John Barcelo has posted an article on SSRN called "Burden of Proof, Prima Facie Case and Presumption into WTO Dispute Settlement." The abstract:
The essay maintains that the WTO Appellate Body's concepts and terminology concerning a claimant's burden of proof-the concepts of prima facie case, presumption, and burden shifting-are disturbingly ambiguous and potentially misleading. This is so whether one thinks of these terms from either a common law or a civil law perspective. In the face of the current ambiguity, a future panel might understand the AB's prima facie case concept to require an overwhelming level of proof from the claimant. On the other hand, a different panel might allow a rather weak level of claimant's proof to meet the prima facie requirement, and then shift the full burden of proof to the respondent. Neither of these results would be justified. An important task of future AB decisions should be to clarify the existing ambiguity and to develop a more conceptually sound use of burden of proof terminology. The essay argues that the AB should abandon its current terminology (prima facie case, presumption, and burden shifting) and should simply state that the complaining Member bears the burden of proof on its basic claim and that this burden-meaning essentially the burden of persuasion-does not shift during the course of the proceeding. The reverse would hold for the responding Member's defenses.
And from the conclusion:
To summarize, one can read the AB decisions on burden of proof—albeit by employing a considerable amount of interpretive generosity—as saying that the burden of persuasion, which is the key concept, rests on the claimant as to the claimant’s basic claim of a WTO violation and does not shift during the course of the proceeding.
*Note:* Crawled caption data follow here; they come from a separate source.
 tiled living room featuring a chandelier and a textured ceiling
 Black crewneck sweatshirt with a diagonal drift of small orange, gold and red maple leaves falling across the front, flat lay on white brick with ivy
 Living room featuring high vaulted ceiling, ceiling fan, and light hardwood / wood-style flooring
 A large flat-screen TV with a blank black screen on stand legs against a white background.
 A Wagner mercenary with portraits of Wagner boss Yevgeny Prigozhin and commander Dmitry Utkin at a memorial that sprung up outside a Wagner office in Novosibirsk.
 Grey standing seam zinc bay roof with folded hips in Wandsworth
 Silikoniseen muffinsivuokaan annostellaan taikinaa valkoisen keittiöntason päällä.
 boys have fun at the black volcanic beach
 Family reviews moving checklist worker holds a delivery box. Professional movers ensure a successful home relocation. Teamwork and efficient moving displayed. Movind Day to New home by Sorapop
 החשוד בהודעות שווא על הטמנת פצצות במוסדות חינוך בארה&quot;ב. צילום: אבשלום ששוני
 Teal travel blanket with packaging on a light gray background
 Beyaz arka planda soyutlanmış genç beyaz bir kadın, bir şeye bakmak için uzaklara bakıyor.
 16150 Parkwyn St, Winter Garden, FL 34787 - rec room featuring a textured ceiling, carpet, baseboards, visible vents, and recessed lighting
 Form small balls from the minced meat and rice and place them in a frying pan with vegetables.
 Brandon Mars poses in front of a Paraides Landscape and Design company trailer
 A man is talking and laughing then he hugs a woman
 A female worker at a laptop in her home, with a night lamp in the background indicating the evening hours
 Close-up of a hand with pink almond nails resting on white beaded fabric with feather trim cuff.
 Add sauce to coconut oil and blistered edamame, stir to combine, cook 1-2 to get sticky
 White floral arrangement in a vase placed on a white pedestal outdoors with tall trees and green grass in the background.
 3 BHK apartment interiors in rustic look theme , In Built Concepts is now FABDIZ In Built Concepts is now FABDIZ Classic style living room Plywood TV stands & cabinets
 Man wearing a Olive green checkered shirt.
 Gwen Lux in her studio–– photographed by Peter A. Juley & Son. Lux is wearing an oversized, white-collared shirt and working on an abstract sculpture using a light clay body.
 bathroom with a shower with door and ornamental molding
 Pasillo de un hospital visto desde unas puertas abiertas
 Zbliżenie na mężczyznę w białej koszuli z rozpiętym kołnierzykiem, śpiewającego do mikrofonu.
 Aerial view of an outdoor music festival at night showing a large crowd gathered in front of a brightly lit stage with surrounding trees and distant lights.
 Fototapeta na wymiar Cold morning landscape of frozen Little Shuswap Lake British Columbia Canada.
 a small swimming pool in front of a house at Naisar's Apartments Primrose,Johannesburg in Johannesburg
But such a reading is not self-evident. Without more clarity, the current ambiguity that attends the AB’s burden-of-proof formulations can lead to serious misunderstandings and errors, especially at the panel level. Those errors might disadvantage either side in a litigated dispute. A panel might understand the AB’s prima facie case concept to require a much too overwhelming level of proof from the claimant; since, after all, such a case seems to have serious consequences for what is required of the respondent in rebuttal. On the other hand, a different panel might allow a rather weak claimant’s case to meet the prima facie requirement and then effectively reason that the full burden of proof is shifted to the respondent. These effects might even occur inside the panel’s conference room without being expressed in its published decision or otherwise coming to light.
The upshot then is that the AB should clarify the ambiguity created by its U.S.–Shirts and Blouses and EC–Hormones formulations. It should clarify what exactly it means by burden of proof, prima facie case, and presumption. If the generous interpretation offered above is correct, the AB’s future decisions could spell that out and eliminate or clarify the confusing discussion of a presumption that shifts an “onus” to the respondent. The AB could abandon altogether the concepts of prima facie and presumption—which seems to be the preferable choice—or the AB could interpret these concepts in the “generous” way suggested above so as to render them essentially inoperative. On the other hand, if the generous interpretation suggested above is not correct, then one would hope that the AB would not wait long before explaining more clearly its understanding of the concept of burden of proof in the WTO system and the reasoning that supports that understanding.
At first glance, this sounds right to me. I've always found the emphasis on burden of production/prima facie case, etc., rather than burden of persuasion, to confuse the issue a bit.